In the context of state capture and eroding levels of trust of citizens in government and business, however, entrenching a collective will to effect transformation was a huge challenge, he said.

"We appeal to business and all our social partners to demonstrate that business has transformed, and at the same time that we have combated and crushed state capture because that is what is willfully, deliberately, and purposefully plunging us into poverty".

President Jacob Zuma's administration over the last eight years, in this regard, had brought considerable decline, he said.

We have gone backwards in all measurable indices. We have left undone all those things we've ought to have done, and done the things we ought not to have done. We are miserable people and somebody ought to have mercy on us

'Cleaning up our own house'

Mohale said business must do "everything in its power to clean up [its] own house first and foremost".
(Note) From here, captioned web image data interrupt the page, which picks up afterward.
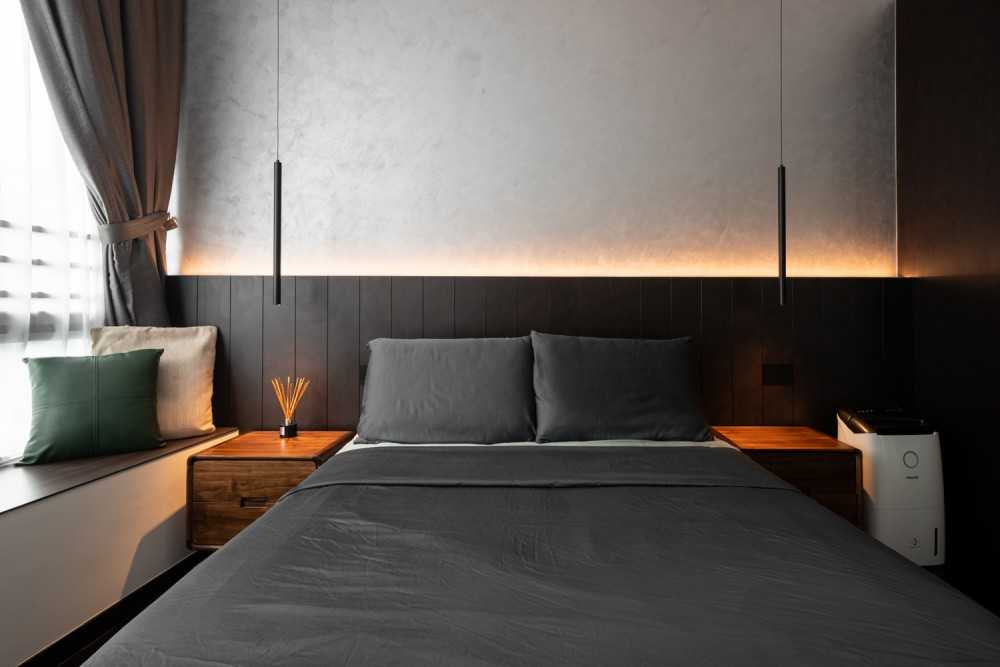 Contemporary Bedroom with Homogeneous Tiles and Bay Window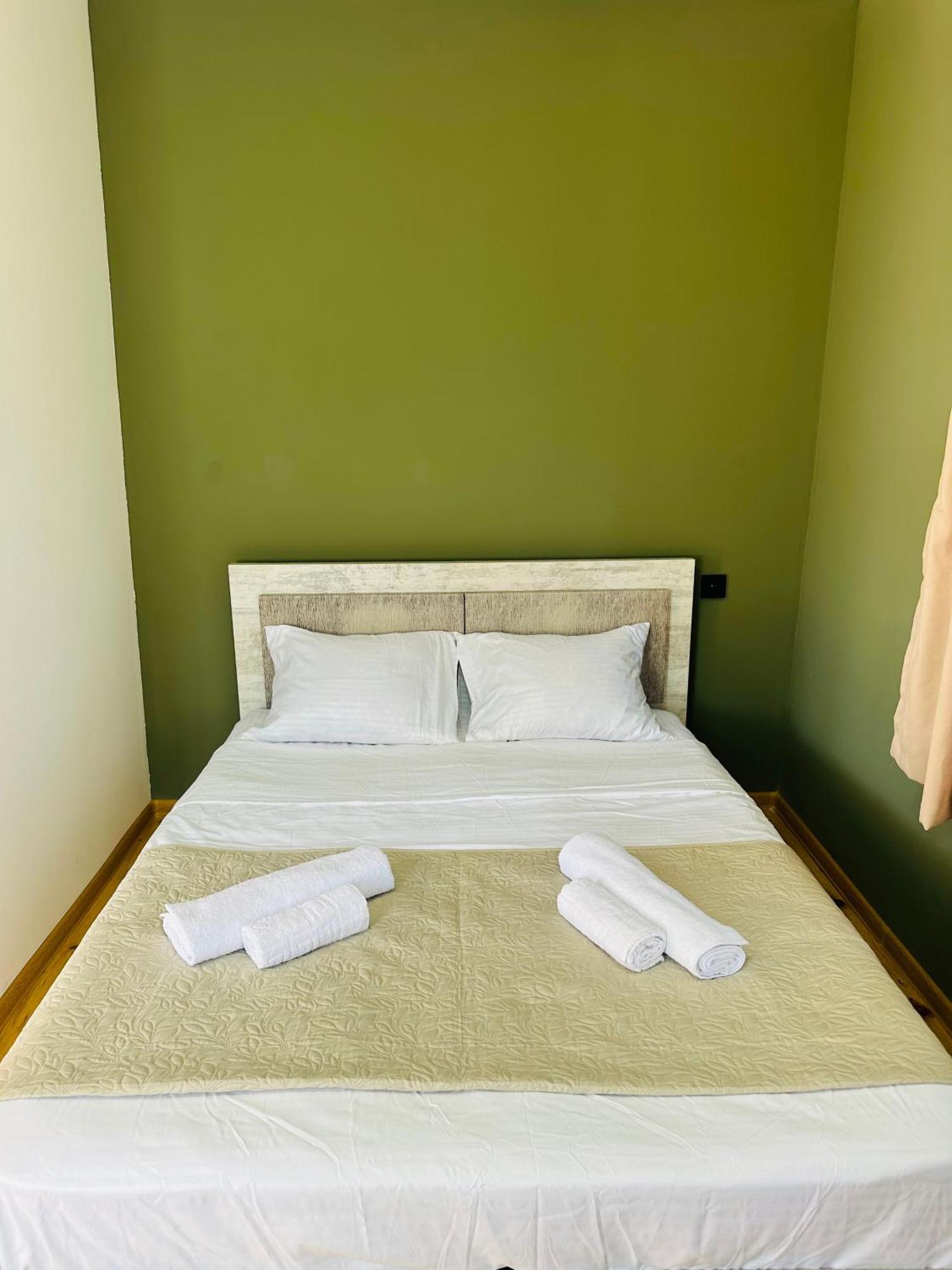Family Hotel - White House Racha Oni ภายนอก รูปภาพ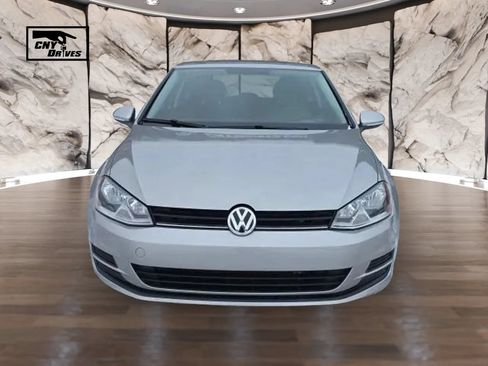 Used 2016 Volkswagen Golf S FWD image 2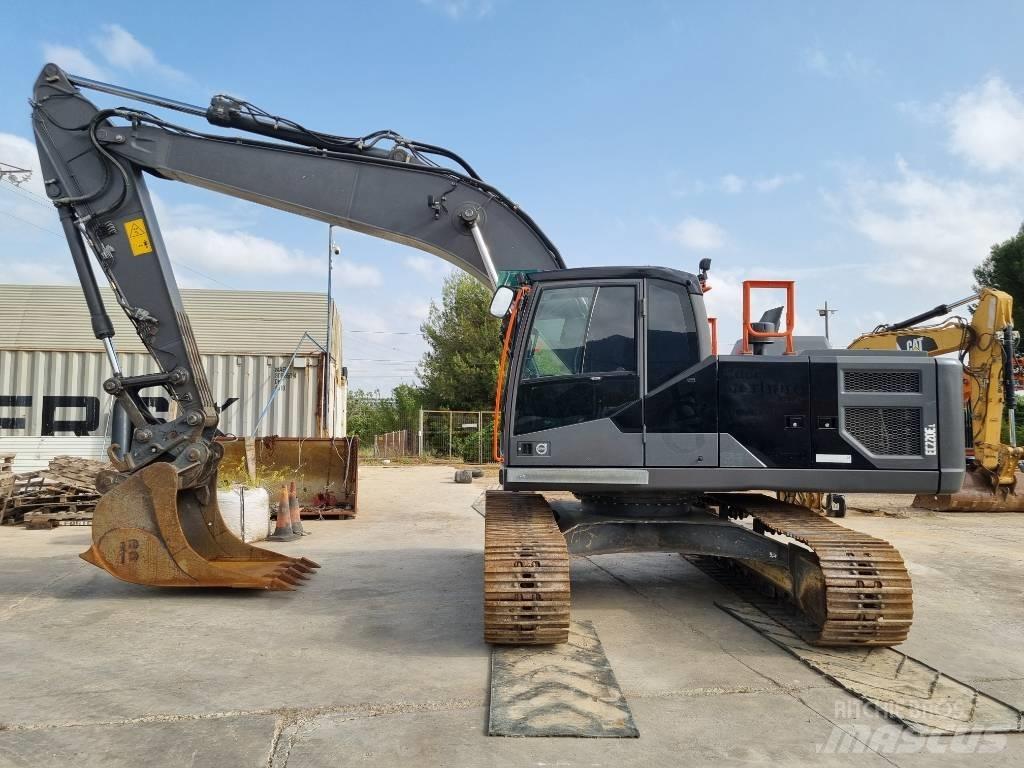 Volvo EC220EL 履带挖掘机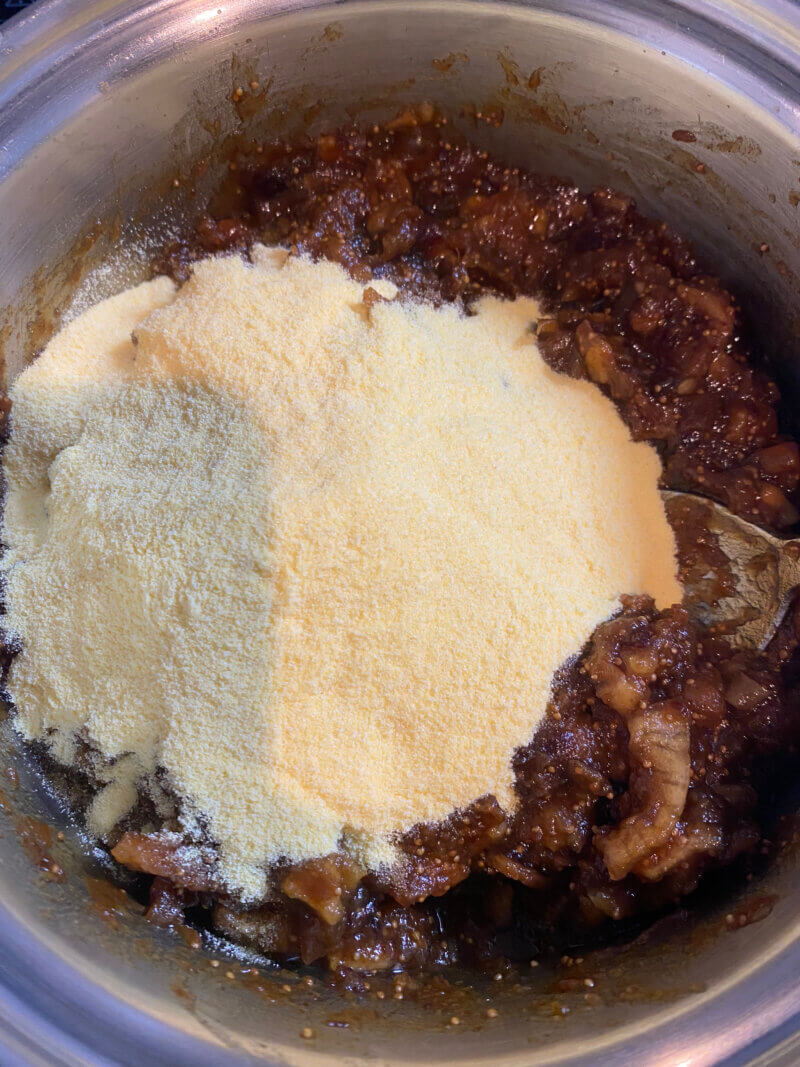 コーンミール投入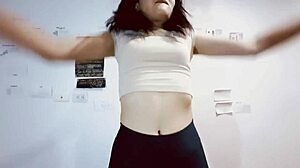 mi esposo contrata entrenadora que me hace sudar en el gym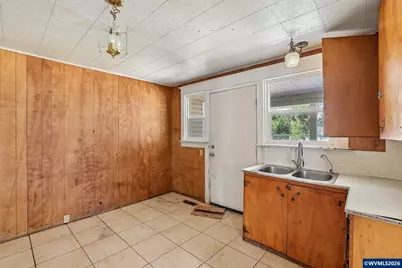 430 Log Cabin St, Independence, OR 97351 - Photo 14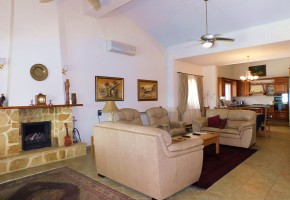 Bungalow For Sale  in  Peyia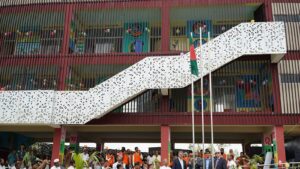 বাংলাদেশের একটি সরকারি বিদ্যালয় ভবন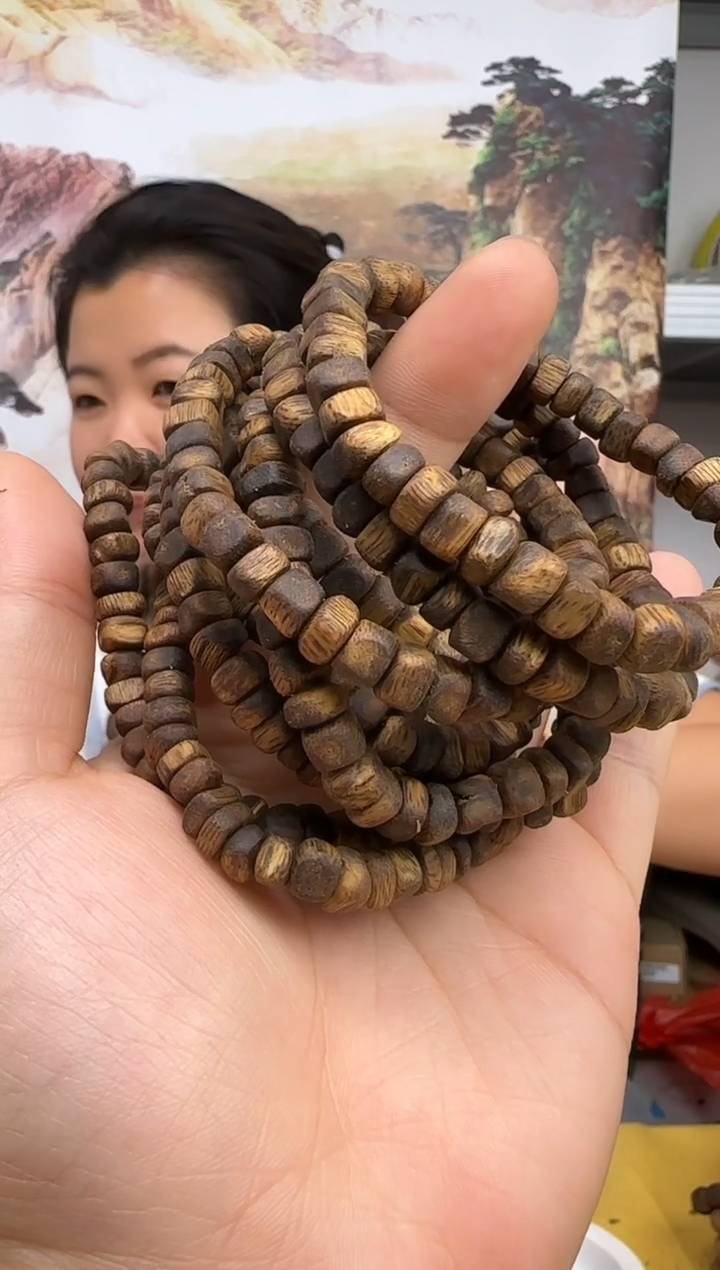 沉香沉香碎屑+虫漏白奇沉香不规整卡6/7宠粉多样性发一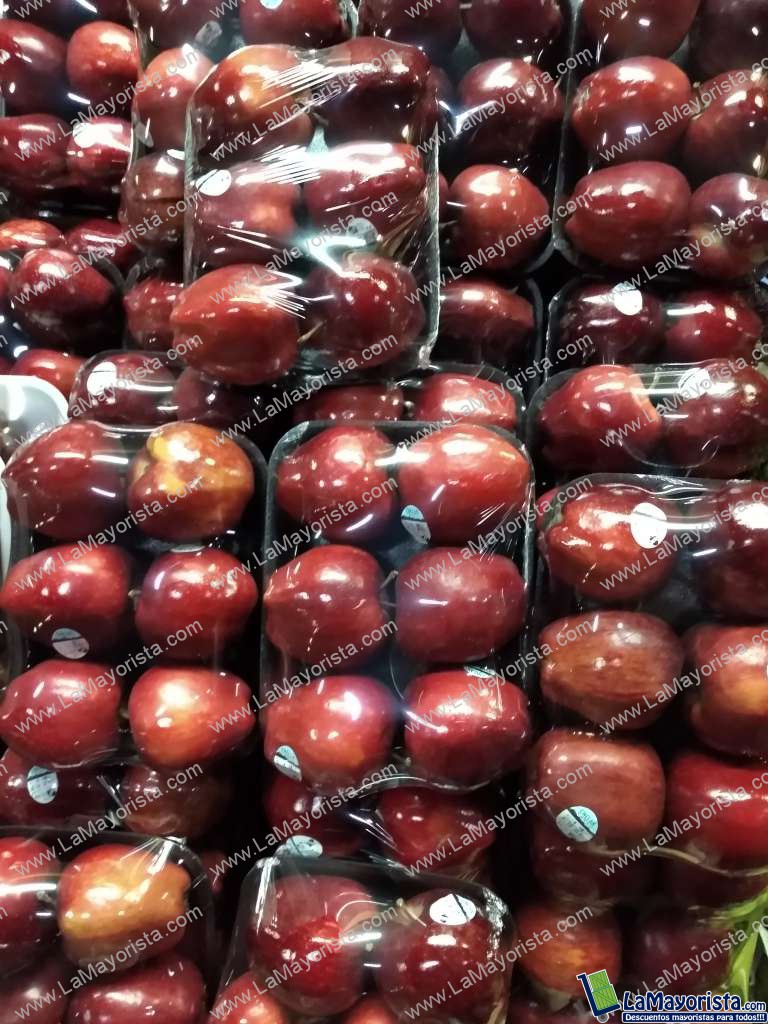 Manzana  roja en bandeja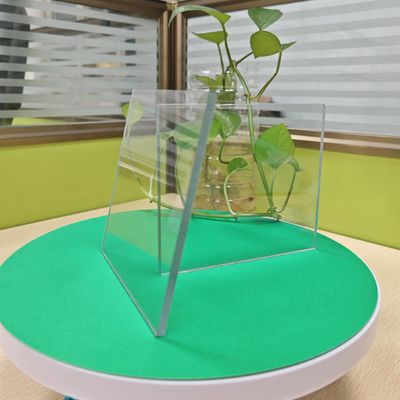 6 mm de feuille solide de polycarbonate transparente de 4 pieds pour une barrière de sécurité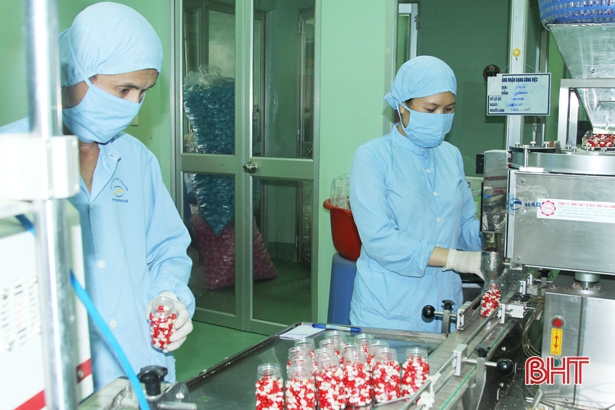 Nữ công nhân Hà Tĩnh kỹ thuật cao, tay nghề giỏi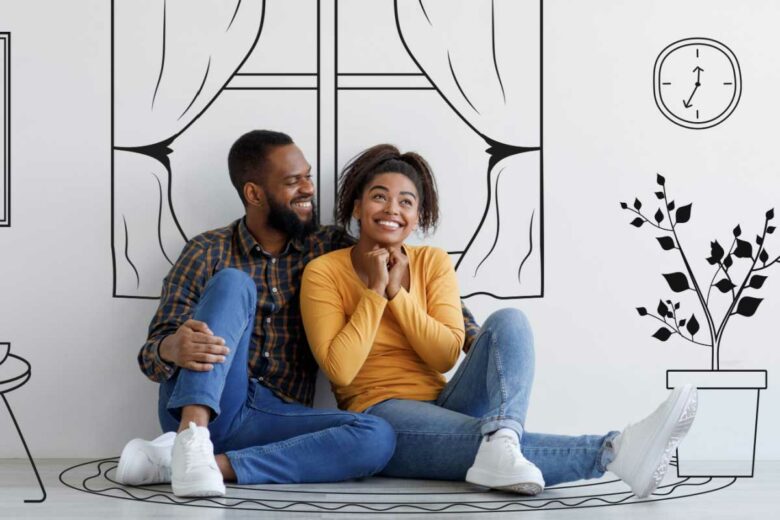 Un couple imagine son intérieur.
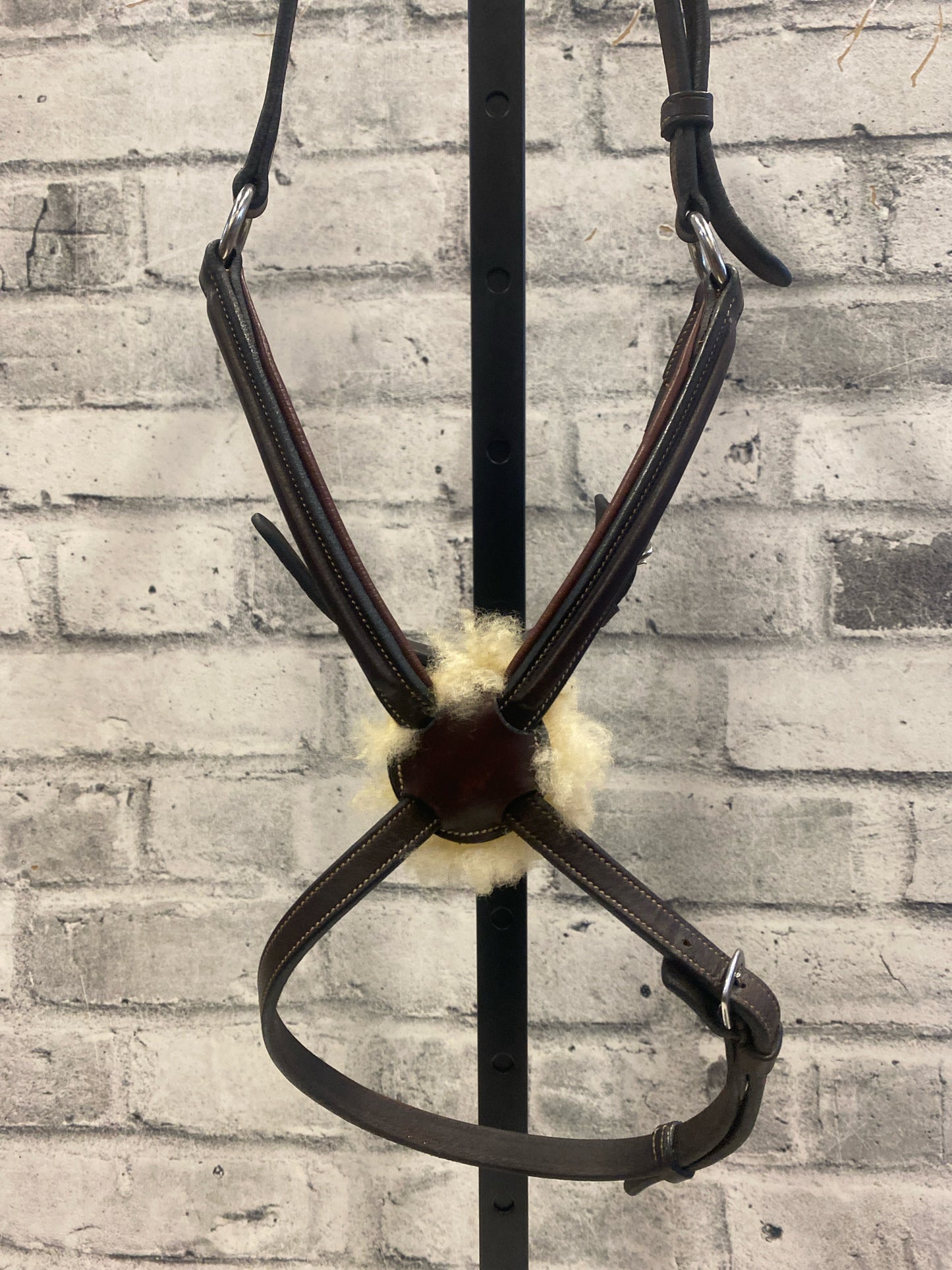 Raised Figure-8 Noseband Brown F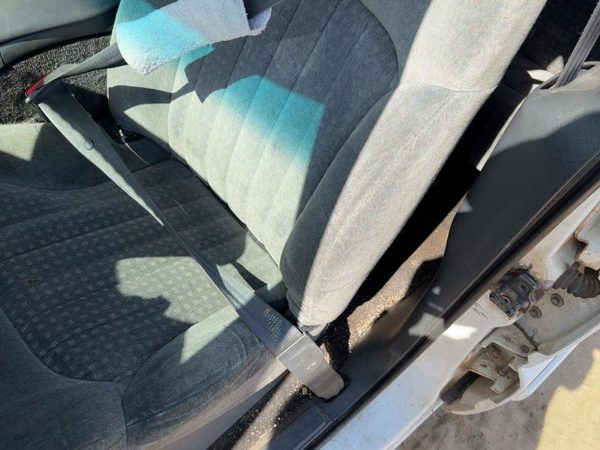 01-05 S10 Blazer Driver Left Front Seat Belt Retractor Oem Shoulder Graphite 12H — photo 4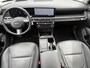 Hyundai Tucson 1.6 T-GDI PHEV Premium 4WD / Accu SoH 100 % / EAER 65 km / Leder / HUD / Navigatie / Apple Carplay Android / Stoelventilatie / Stuur-, stoel- & achterbankverwarming / 19" LM wielen & All Season banden /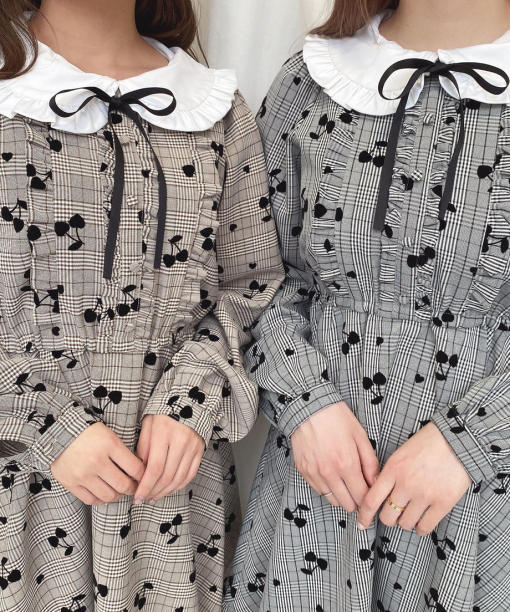 商品情報 チェリーフロッキーワンピース Est エスト 大阪 梅田のショッピングモール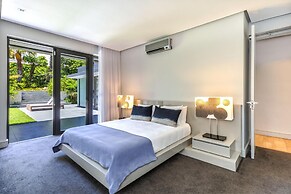 Amara Villa - Designer Villa With Solar Power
"We as business mustn't put a foot wrong like acting anticompetitively, engaging in price-fixing or colluding," he said, stressing the importance of bringing the full might of the law on players who break the rules.

BLSA had also taken its 80 CEOs from the "prime real estate in Sandton" to Alexandra for the launch of its new strategy "so they can be among the poorest of the poor, who happen to be our own employees who we don't even understand what they have to go through to survive a night in an informal settlement".

He said despite "hitting a wobbly on the road", they believe the current crisis in South Africa will pass.

Eliminating state capture, nevertheless, remains a central priority along the way.

"They [looters] are not happy drinking from the tap, because it's too slow. They want to go to the firehose and drink from it... capturing National Treasury", which commands trillions of rands in public money, he said.